**Problem**: Exactly as written, reproduce the lines from the beginning of the data through the line containing "Load image into"; the pictures are not reproduced.

(Caption-style text data)
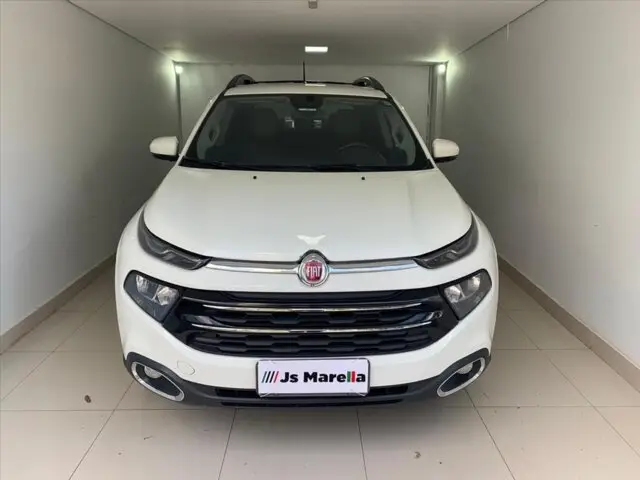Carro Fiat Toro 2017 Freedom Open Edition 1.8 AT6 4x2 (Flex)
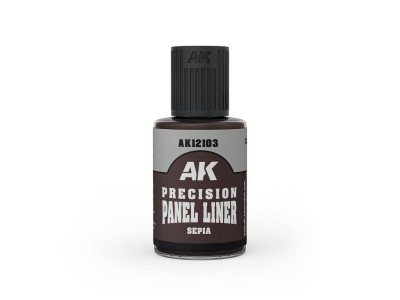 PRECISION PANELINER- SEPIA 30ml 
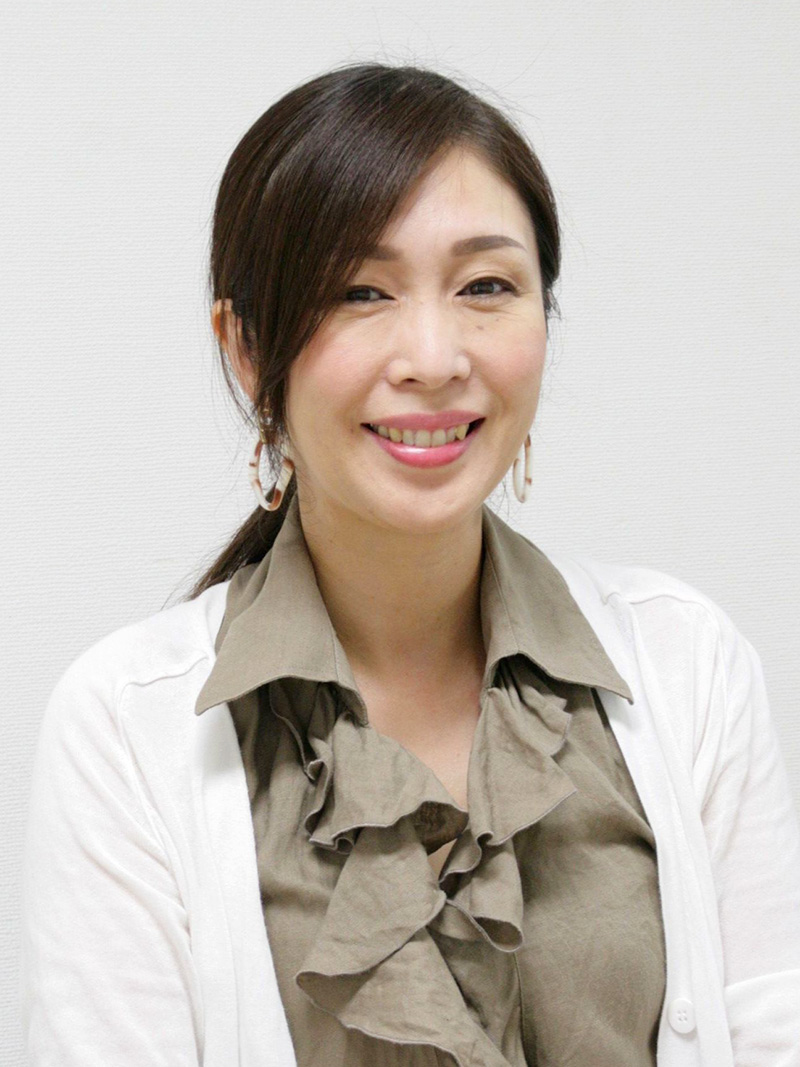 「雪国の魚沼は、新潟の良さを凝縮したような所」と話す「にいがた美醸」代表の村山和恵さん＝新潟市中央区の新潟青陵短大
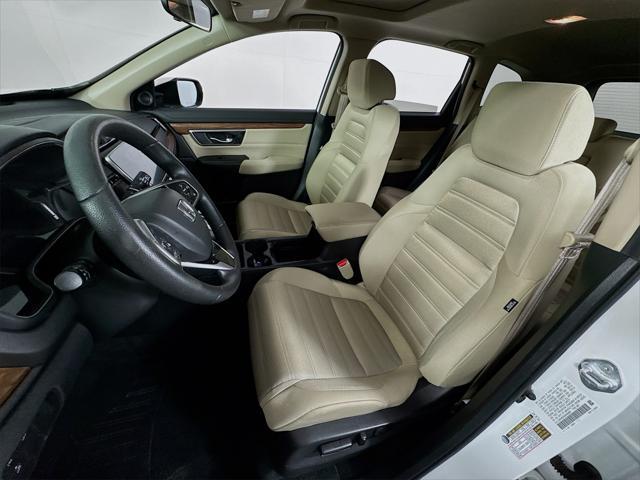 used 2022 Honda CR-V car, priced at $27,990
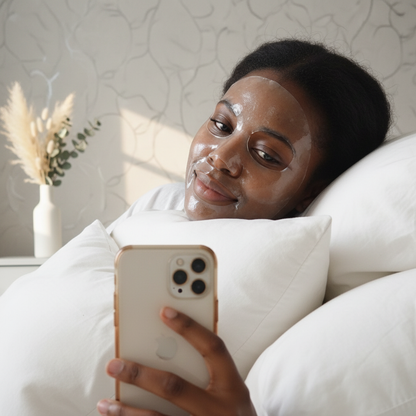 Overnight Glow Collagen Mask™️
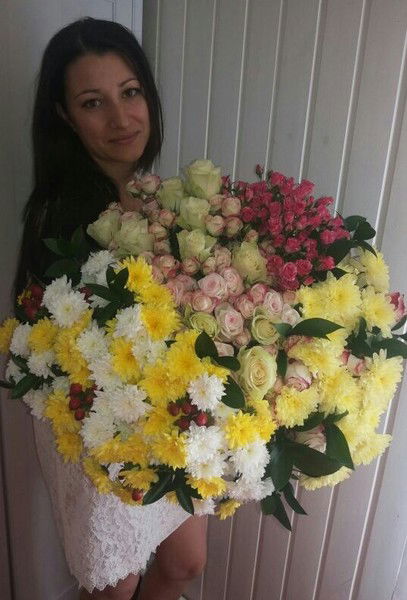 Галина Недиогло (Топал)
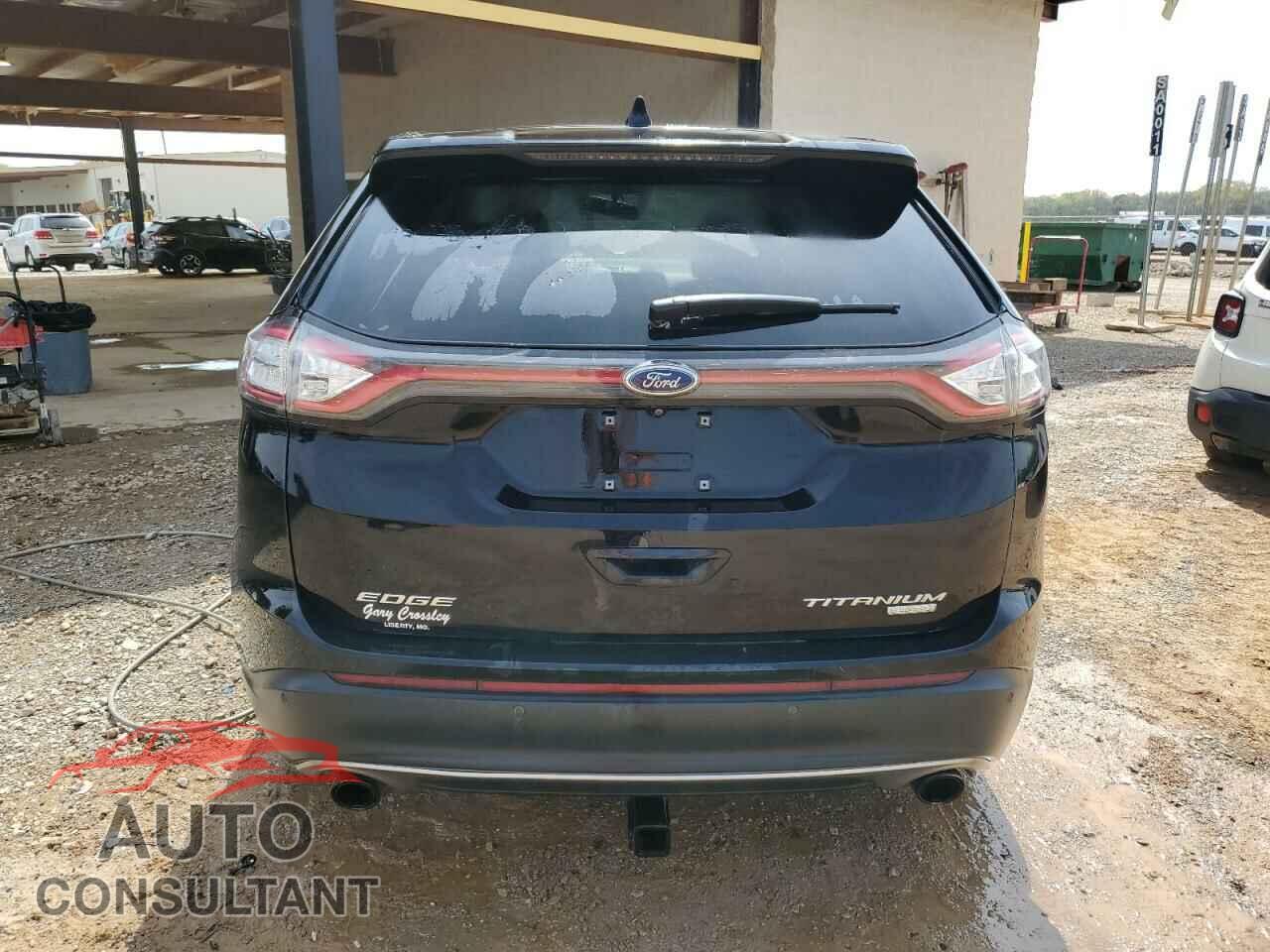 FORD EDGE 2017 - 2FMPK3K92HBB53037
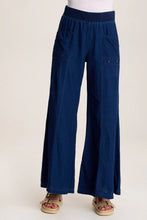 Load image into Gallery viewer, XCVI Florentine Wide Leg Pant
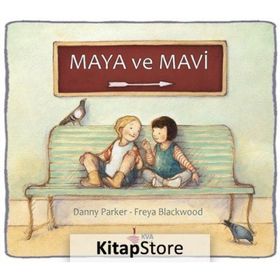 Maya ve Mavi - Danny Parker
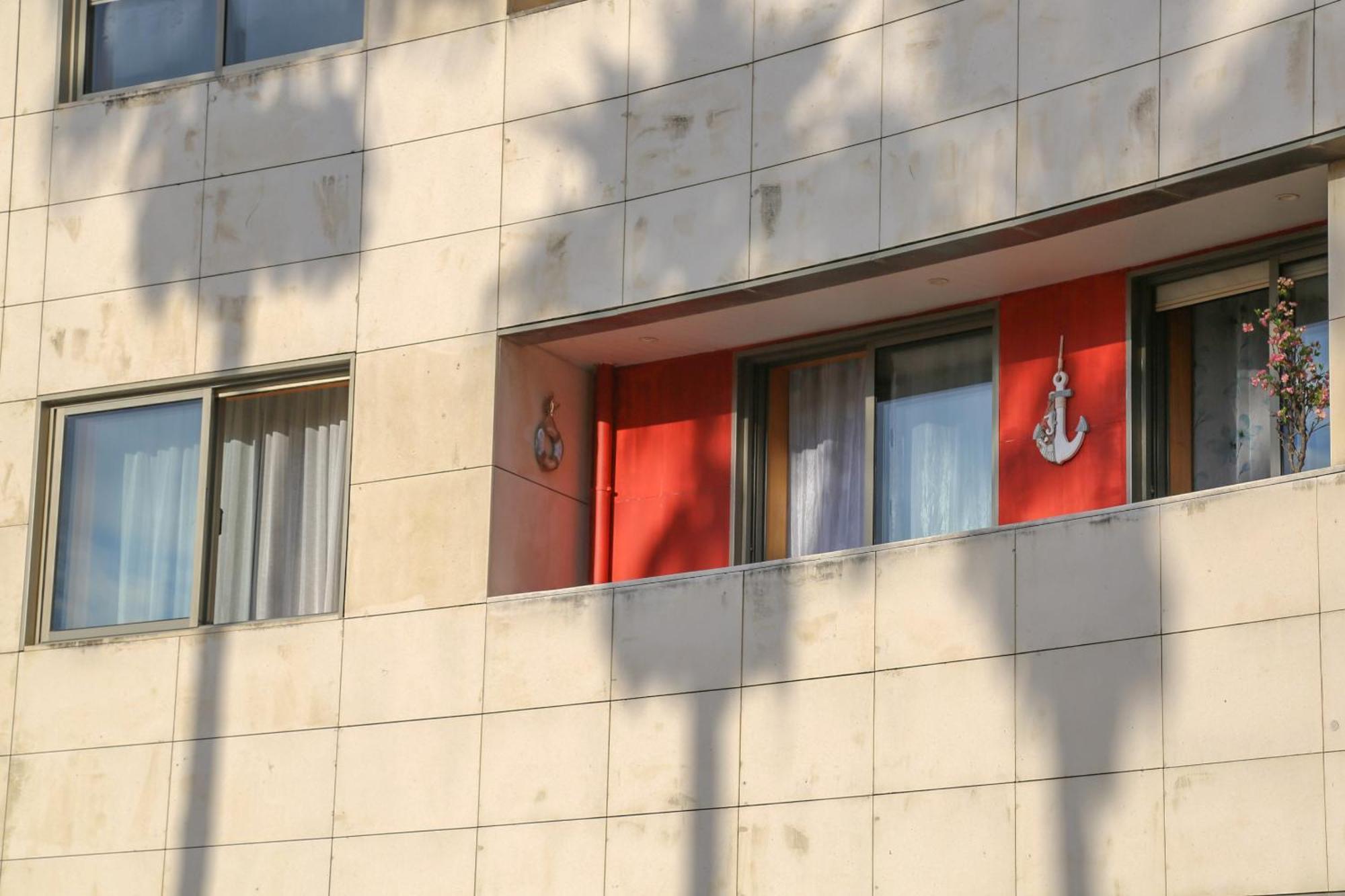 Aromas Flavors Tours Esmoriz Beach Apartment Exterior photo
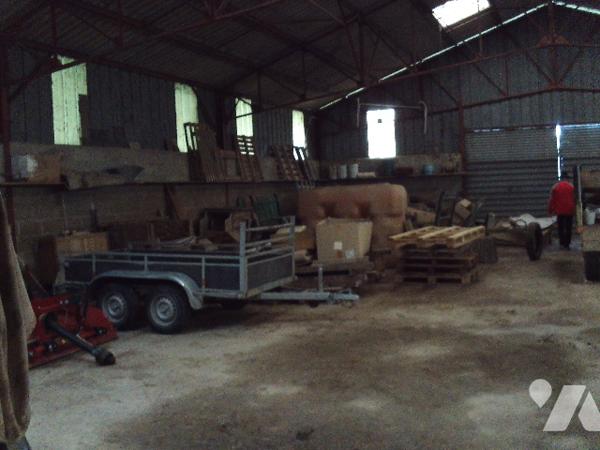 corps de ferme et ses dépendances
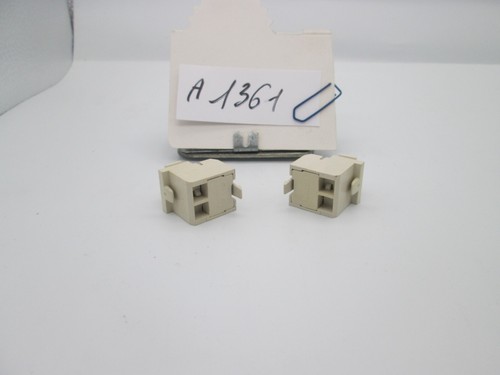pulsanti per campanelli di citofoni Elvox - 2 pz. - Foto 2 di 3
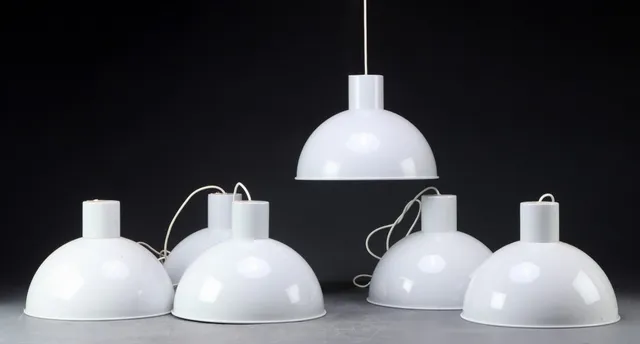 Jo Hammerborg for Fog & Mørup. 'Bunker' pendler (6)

**Response area**:
Carro Fiat Toro 2017 Freedom Open Edition 1.8 AT6 4x2 (Flex)
 PRECISION PANELINER- SEPIA 30ml 
 「雪国の魚沼は、新潟の良さを凝縮したような所」と話す「にいがた美醸」代表の村山和恵さん＝新潟市中央区の新潟青陵短大
 used 2022 Honda CR-V car, priced at $27,990
 Overnight Glow Collagen Mask™️
 Галина Недиогло (Топал)
 FORD EDGE 2017 - 2FMPK3K92HBB53037
 Load image into Gallery viewer, XCVI Florentine Wide Leg Pant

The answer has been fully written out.